> [INPUT RECORDS]

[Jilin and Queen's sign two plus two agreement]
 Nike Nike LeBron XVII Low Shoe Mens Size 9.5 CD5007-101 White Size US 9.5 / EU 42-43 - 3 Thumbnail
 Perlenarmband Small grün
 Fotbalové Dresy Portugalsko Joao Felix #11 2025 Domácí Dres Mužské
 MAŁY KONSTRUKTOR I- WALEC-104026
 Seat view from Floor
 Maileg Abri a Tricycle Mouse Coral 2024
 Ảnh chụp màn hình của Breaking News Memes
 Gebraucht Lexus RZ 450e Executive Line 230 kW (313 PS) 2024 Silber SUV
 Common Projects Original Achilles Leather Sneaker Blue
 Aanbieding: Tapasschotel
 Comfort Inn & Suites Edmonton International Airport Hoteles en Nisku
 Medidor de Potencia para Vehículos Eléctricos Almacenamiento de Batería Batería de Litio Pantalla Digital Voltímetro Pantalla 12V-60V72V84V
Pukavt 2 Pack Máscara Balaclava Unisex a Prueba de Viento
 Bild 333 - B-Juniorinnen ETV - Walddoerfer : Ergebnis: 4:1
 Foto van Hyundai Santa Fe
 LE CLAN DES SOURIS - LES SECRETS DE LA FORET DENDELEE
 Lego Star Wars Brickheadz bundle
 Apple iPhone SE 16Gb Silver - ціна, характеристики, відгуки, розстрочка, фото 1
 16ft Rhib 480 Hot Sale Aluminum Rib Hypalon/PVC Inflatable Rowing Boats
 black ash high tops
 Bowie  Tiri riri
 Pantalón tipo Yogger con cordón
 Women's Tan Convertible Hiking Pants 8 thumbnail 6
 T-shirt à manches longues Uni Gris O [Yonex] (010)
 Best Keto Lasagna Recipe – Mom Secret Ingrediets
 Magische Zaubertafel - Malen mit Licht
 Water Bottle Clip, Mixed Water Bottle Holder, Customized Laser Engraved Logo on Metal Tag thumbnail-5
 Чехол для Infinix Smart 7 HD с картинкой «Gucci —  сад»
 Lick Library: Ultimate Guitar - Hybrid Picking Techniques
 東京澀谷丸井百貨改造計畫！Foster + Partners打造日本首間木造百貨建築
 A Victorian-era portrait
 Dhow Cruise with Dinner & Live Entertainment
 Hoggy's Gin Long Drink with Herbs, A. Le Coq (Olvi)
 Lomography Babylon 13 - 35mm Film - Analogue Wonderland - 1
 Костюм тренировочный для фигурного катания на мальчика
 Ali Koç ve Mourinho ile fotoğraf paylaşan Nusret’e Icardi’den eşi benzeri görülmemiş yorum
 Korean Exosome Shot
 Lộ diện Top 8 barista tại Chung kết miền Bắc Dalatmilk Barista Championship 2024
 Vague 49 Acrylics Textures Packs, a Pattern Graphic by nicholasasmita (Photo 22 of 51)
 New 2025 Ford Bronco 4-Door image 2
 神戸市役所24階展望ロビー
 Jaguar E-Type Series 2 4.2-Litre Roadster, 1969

> [YOUR INSTRUCTIONS]
Check each line of the data above for the word "with". Report how many lines have it, and nothing else.

> [REPLY]
2